Bento XVI participará de quatro grandes eventos com a presença de público: em Edimburgo e Glasgow, na Escócia, e Londres e Birmingham, na Inglaterra. Em Glasgow, os organizadores não conseguiram vender ingressos para os 100 mil lugares disponíveis. Os preços chegavam a R$ 55.
A expectativa é de que 65 mil pessoas compareçam. Na visita de João Paulo II à mesma cidade, 250 mil foram acompanhar a missa papal.
Pesquisas divulgadas por jornais e redes de TV mostram que 79% dos entrevistados dizem não ter interesse pessoal na visita do papa.
Já 77% afirmam que o contribuinte não deveria bancar a viagem, que vai custar 20 milhões de libras (cerca de R$ 54 milhões).
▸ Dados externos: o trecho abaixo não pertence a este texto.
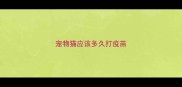 宠物猫应该多久打疫苗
Do total, 12 milhões de libras sairão dos cofres do governo.
O principal ponto de crítica é a questão dos abusos sexuais. Papa deve visitar, sem alarde e longe da imprensa, vítimas de pedófilos. Ele fez o mesmo na Austrália e em Malta. Não é o que querem os que atacam o Vaticano por justamente manter a portas fechadas a questão dos abusos.